Requirement:
After locating the line with "2007 Jeep Liberty" below, output it and each following line exactly, stopping after the line with "REVO PRE 2021". No pictures.

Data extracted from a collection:
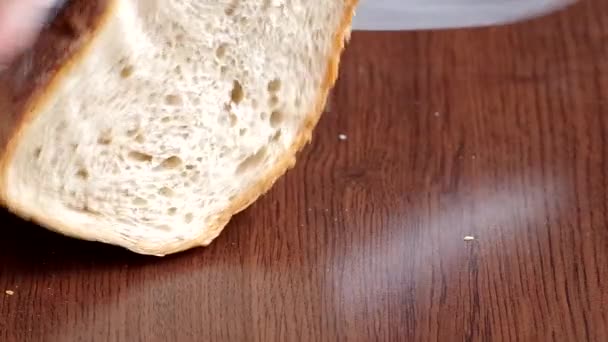 Slicing bread — Stock Video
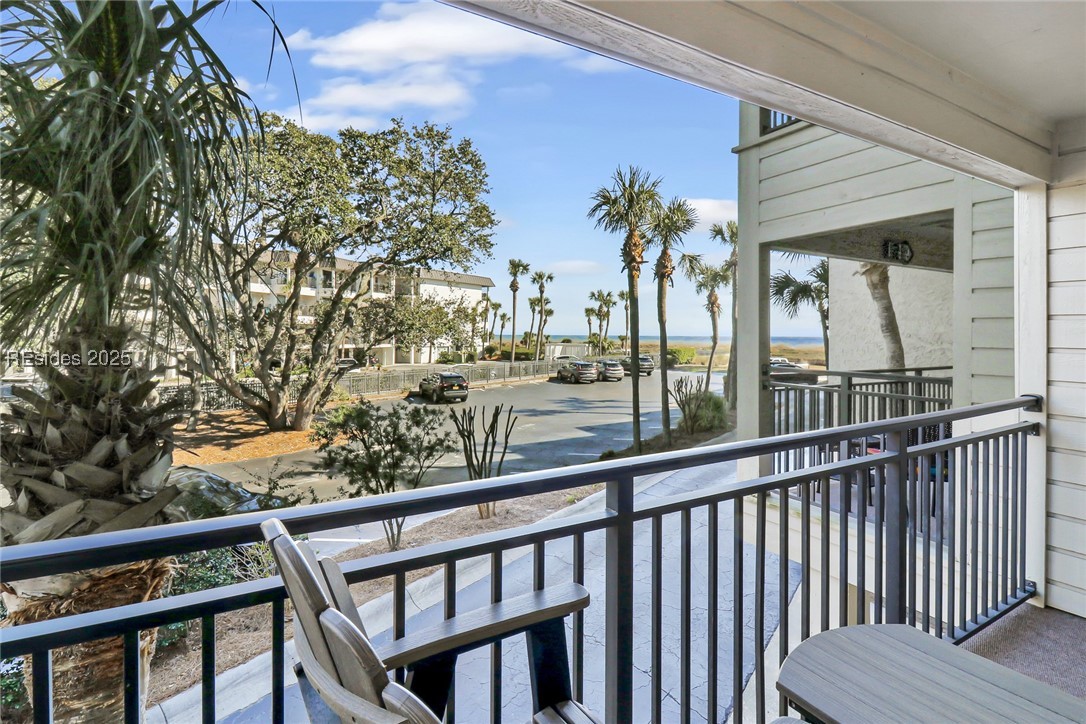 23 S Forest Beach Unit: 159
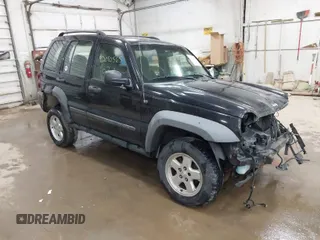 2007 Jeep Liberty Sport with VIN 1J4GL48K27W515568, listed as a IAAI auction lot 42010565 with 203,449 mi miles. Bid and sale history available at carsss.com. Image 1.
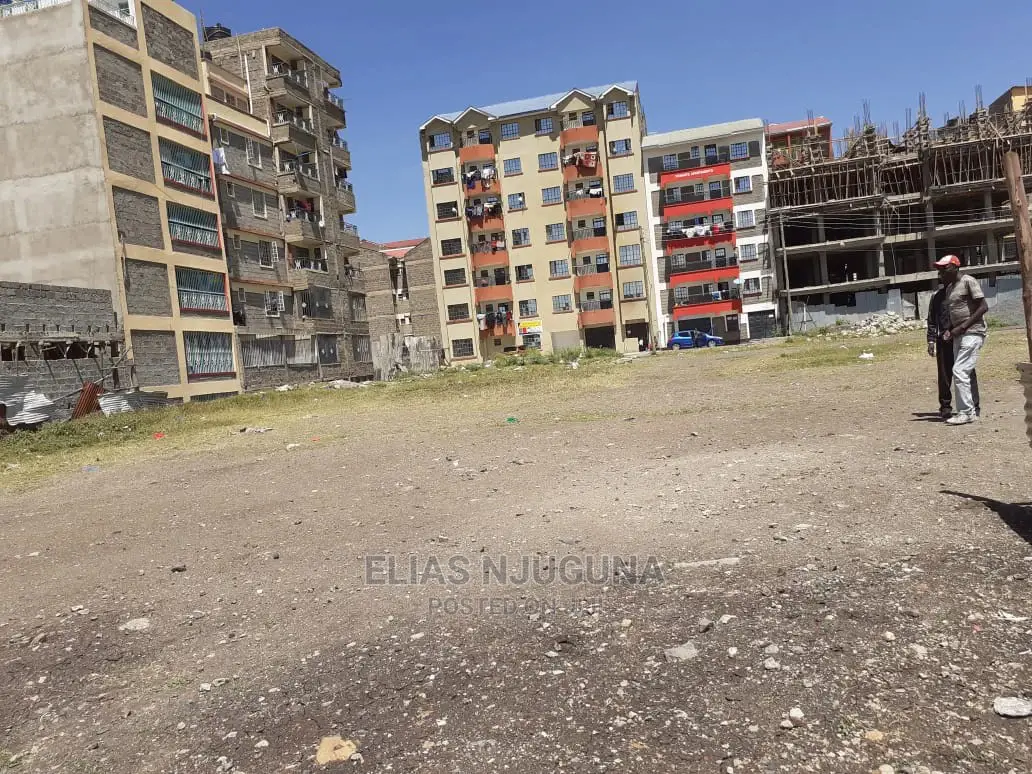 Donholm 5 Plots Size 75"X35" Price 5.5M and 80×40 Price 8.5m in Donholm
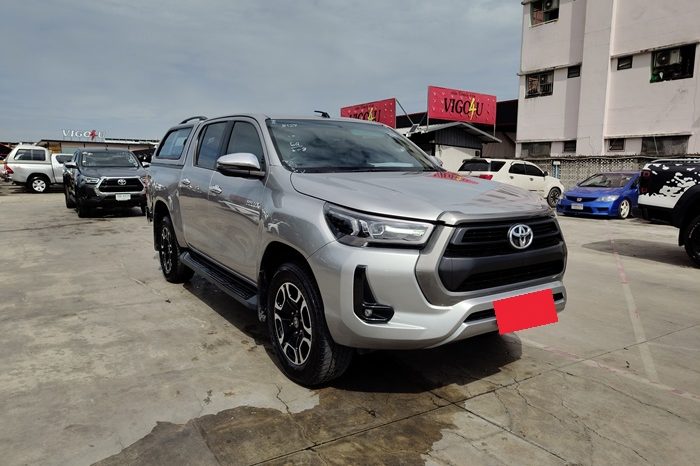 REVO PRE 2021 2.4E AT DOUBLE CAB SILVER  9760 full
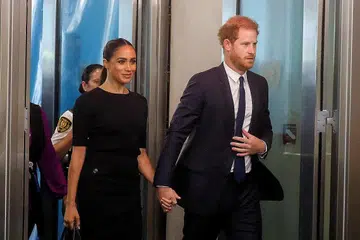 DIKEJAR PAPARAZI: Gambar fail menunjukkan pasangan Putera Harry dan isterinya, Cik Meghan Markle. Dalam satu kejadian di New York, pasangan itu dilaporkan tiba di destinasi mereka dalam keadaan selamat namun sangat tertekan, selepas dikejar jurugambar bebas di New York. - Foto REUTERS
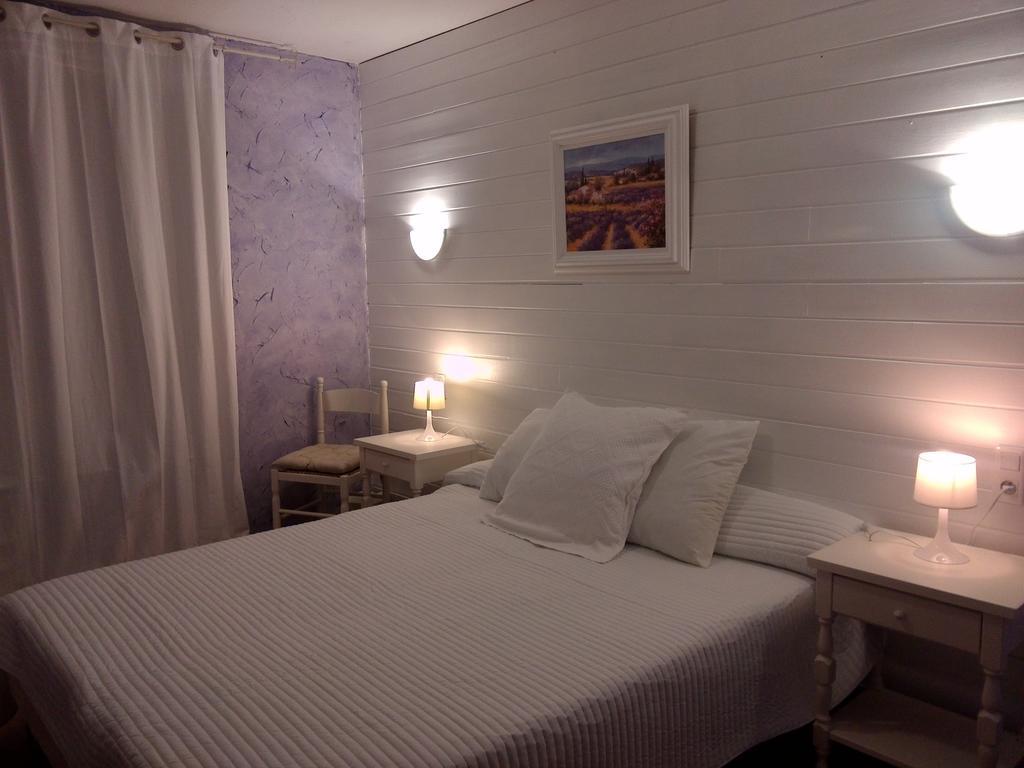 Hotel Chez Cecile Mornas Zimmer foto
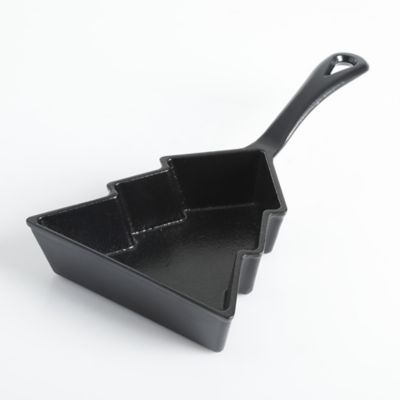 Prime Gourmet Christmas Tree Cast Iron Holiday Cookie Skillet in Black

Response to the exercise:
 2007 Jeep Liberty Sport with VIN 1J4GL48K27W515568, listed as a IAAI auction lot 42010565 with 203,449 mi miles. Bid and sale history available at carsss.com. Image 1.
 Donholm 5 Plots Size 75"X35" Price 5.5M and 80×40 Price 8.5m in Donholm
 REVO PRE 2021 2.4E AT DOUBLE CAB SILVER  9760 full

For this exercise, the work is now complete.